The CASE programme has also produced reports that examine:
- the impact of engagement of children and young people in the arts, with a cover note by Catherine Bunting
- the effectiveness of previous interventions designed to encourage engagement in culture and sport
- fundraising in arts, culture, heritage and sport organisations
- ways to support asset mapping in the culture and sport sectors
- the social and economic impacts of investment in culture and sport
- regional research needs in the culture and sport sectors
All of the above can be found on the CASE website.
In addition, the CASE programme has developed a number of valuable resources for local, regional and national policy-makers:
- a searchable database of over 5,000 research reports from around the world on the drivers, impacts and value of engagement in culture and sport
- a model for predicting how levels of engagement in culture and sport will change with economic and demographic shifts and for estimating the likely impact of different policies to increase engagement
- regional insights: a new and comprehensive set of culture and sport statistics at regional and local level including data on employment, investment, assets, participation, volunteering and tourism, with summary reports for each region
- The CASE Local Culture & Heritage Profile Tool: providing local contextual data and culture and heritage data to help you think how you invest in culture and heritage locally
- a toolkit to enable local and regional planners to map culture and sport assets within a nationally agreed framework
What this means for the Arts Council
The research published by CASE can help the Arts Council to further understand and demonstrate, among other things, what factors drive engagement in the arts and the impacts that engagement with the arts can have on the lives of people in England. After two years of work the CASE programme has been able to demonstrate the following headlines:
- childhood experience, education, age and socio-economic status are all important in predicting arts attendance and media consumption has a positive effect on arts attendance
- older people from Black and minority ethnic groups are less likely to attend arts events but ethnicity has no effect on attendance by young people
- there are direct learning impacts for young people who participate in structured arts programmes including positive increases in attainment (1-2 per cent), cognitive skills (16-19 per cent) and transferable skills (10-17 per cent )

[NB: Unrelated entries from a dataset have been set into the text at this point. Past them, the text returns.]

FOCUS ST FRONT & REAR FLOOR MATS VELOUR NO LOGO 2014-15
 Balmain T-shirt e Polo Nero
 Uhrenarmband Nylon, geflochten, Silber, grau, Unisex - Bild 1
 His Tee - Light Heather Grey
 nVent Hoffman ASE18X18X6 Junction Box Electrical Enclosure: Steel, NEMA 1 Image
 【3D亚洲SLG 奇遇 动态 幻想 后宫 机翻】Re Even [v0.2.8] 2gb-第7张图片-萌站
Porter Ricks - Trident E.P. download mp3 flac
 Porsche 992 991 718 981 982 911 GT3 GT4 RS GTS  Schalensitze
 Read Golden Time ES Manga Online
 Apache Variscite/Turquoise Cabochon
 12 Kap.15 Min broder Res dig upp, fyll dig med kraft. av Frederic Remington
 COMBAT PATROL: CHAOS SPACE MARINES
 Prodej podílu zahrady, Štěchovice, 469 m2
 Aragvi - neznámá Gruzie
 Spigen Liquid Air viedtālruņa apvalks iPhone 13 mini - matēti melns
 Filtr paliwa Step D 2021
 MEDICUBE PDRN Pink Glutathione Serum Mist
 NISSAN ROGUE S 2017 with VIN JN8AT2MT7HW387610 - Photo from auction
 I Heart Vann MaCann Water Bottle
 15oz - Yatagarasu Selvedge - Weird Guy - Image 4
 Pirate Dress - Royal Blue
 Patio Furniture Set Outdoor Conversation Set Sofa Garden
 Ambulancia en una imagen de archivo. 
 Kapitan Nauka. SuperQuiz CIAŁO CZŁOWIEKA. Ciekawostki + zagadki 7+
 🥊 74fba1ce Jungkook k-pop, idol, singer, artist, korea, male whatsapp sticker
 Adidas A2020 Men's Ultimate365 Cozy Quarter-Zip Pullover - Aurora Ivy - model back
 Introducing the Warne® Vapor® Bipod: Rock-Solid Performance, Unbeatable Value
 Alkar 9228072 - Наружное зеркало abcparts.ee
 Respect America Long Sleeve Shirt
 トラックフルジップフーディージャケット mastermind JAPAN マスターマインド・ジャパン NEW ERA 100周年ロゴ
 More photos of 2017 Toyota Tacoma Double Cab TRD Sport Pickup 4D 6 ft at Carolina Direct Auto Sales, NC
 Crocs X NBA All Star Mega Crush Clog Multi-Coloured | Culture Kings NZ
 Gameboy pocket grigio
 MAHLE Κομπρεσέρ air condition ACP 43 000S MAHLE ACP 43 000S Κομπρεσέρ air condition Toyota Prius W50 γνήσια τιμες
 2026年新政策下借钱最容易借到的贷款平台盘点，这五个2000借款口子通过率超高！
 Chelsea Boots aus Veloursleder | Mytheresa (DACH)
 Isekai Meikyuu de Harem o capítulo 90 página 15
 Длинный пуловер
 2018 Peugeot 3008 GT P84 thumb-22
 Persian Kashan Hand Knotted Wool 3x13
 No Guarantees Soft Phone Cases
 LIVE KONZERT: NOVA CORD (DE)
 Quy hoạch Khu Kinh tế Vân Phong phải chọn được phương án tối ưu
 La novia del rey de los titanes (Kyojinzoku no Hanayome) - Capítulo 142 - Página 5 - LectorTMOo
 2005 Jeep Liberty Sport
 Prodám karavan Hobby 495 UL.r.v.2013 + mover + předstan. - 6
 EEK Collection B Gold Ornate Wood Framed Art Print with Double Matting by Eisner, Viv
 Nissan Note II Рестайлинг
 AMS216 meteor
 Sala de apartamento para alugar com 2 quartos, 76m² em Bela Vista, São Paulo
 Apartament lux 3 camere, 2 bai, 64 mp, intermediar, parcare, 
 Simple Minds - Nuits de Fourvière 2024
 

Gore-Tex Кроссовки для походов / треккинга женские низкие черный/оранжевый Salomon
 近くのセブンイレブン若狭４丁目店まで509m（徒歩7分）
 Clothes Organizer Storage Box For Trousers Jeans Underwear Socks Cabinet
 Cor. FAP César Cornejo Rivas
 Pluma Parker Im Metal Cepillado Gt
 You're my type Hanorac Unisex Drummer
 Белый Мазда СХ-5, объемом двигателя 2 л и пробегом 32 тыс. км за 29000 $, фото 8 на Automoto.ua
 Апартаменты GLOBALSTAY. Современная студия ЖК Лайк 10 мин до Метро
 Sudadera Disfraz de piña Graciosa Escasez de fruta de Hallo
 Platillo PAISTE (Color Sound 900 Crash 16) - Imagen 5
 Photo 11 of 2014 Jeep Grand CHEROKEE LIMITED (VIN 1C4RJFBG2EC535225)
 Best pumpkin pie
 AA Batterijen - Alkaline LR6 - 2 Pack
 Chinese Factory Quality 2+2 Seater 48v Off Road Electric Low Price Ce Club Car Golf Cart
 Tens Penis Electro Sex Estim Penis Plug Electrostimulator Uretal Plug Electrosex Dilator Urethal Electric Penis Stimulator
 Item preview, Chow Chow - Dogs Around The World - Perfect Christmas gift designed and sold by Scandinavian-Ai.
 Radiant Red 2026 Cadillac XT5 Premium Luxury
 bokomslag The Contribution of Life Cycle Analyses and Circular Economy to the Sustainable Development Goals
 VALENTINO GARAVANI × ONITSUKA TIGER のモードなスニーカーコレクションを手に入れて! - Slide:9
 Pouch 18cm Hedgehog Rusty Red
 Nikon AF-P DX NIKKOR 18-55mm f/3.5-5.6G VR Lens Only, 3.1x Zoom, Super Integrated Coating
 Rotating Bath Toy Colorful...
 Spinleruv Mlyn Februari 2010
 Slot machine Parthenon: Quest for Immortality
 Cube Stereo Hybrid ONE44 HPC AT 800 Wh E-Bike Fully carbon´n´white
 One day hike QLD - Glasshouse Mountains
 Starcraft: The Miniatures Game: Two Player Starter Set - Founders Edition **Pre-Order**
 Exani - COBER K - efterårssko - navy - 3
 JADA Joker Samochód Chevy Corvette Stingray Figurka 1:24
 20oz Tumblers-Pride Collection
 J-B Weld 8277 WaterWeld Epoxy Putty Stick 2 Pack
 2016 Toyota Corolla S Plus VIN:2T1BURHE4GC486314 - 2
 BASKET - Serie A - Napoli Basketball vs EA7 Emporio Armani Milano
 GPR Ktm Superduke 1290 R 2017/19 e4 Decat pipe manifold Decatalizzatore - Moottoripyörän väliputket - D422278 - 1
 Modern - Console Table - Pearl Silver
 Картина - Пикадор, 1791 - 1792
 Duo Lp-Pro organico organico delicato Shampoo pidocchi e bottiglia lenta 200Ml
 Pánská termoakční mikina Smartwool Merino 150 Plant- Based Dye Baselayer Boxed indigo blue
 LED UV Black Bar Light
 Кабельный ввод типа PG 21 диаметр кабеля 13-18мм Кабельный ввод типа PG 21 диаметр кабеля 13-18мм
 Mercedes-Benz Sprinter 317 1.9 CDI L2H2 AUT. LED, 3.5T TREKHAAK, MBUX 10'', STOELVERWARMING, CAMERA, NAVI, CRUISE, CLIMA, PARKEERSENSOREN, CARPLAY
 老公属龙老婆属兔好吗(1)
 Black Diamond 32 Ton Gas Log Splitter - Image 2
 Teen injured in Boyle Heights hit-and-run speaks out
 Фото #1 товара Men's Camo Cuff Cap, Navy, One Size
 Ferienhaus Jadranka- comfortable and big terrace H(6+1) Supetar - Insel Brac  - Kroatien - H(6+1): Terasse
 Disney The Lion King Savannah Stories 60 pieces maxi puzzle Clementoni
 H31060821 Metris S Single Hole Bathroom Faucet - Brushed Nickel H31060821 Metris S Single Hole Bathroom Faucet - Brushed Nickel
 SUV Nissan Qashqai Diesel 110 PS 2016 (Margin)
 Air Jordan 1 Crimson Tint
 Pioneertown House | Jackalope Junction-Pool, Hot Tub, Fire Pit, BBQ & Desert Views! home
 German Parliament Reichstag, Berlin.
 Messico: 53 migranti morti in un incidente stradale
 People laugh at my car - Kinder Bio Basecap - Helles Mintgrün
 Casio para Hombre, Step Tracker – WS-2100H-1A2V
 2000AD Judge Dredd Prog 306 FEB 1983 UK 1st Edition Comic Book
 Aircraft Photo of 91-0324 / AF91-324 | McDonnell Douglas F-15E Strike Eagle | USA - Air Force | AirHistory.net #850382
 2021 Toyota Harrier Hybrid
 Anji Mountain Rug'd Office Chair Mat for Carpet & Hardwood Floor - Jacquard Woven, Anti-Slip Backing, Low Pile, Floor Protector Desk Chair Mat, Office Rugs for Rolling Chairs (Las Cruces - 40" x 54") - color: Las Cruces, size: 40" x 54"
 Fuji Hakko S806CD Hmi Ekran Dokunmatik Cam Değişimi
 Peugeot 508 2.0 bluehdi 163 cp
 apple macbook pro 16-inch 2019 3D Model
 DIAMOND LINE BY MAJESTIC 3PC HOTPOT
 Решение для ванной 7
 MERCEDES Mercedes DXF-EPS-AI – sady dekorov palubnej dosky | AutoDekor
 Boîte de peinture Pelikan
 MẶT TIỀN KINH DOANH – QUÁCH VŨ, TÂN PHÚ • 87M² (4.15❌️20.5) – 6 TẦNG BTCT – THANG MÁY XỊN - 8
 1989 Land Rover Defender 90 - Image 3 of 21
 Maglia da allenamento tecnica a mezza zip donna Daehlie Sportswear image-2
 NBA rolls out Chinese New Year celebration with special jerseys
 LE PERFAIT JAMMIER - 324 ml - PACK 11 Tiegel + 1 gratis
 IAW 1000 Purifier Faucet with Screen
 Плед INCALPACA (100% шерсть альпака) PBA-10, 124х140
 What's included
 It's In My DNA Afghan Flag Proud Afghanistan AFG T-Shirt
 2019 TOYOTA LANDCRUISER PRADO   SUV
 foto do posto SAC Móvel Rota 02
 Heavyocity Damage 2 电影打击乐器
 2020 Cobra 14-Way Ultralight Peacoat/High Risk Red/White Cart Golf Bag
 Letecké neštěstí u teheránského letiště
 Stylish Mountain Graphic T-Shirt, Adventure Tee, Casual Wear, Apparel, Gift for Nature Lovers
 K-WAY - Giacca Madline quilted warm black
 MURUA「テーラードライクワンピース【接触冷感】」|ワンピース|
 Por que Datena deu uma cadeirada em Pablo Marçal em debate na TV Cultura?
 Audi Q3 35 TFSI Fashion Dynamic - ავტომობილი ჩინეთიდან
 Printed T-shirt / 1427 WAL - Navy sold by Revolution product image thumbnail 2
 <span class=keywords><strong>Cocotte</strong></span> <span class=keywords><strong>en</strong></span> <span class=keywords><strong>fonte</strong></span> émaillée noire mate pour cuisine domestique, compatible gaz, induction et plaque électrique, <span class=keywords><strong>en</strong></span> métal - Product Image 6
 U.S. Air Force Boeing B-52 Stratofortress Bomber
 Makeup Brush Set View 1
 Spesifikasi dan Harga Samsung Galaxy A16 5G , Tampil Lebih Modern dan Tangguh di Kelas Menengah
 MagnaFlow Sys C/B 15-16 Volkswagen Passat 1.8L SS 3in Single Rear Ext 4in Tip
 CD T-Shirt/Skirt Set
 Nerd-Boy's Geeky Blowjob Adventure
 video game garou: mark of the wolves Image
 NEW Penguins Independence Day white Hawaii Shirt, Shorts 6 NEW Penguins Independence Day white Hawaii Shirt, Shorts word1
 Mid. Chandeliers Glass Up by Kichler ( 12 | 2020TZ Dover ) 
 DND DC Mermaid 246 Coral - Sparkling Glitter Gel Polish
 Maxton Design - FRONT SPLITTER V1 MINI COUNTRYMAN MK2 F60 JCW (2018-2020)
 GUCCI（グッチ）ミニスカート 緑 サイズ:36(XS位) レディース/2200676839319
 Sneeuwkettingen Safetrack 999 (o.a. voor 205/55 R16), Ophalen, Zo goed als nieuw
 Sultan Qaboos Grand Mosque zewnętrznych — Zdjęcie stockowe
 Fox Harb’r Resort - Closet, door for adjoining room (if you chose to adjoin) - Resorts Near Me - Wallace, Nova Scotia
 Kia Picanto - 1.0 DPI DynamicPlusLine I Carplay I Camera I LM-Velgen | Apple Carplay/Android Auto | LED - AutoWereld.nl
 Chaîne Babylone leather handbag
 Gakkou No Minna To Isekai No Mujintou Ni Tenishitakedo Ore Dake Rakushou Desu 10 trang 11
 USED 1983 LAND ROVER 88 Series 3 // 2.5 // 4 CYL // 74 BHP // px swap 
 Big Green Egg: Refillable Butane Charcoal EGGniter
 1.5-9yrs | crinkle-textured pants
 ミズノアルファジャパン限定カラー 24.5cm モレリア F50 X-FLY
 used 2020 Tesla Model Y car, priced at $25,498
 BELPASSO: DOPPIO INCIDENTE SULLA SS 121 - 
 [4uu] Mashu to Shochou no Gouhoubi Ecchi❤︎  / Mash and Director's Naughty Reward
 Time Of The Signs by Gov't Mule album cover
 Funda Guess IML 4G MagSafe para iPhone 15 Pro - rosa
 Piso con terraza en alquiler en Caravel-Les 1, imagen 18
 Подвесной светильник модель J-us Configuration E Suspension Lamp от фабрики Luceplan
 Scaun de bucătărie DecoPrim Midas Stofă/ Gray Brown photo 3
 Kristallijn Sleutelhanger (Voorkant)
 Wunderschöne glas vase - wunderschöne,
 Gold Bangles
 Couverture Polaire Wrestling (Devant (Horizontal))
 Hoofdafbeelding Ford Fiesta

- there is emerging evidence of a relationship between arts attendance and wellbeing, with people's life satisfaction increasing the more they engage with the arts
- the most effective way to increase engagement is to increase public education and promotion rather than reducing ticket prices or increasing the supply of arts programmes
The Arts Council will be using the detailed findings in the development of our work to encourage public engagement with the arts. In addition, we will be using the new Regional Insights database in our work with partners to improve local culture and sport delivery.
The CASE programme continues in 2011/12, with a major focus on business models in the culture and sport sectors.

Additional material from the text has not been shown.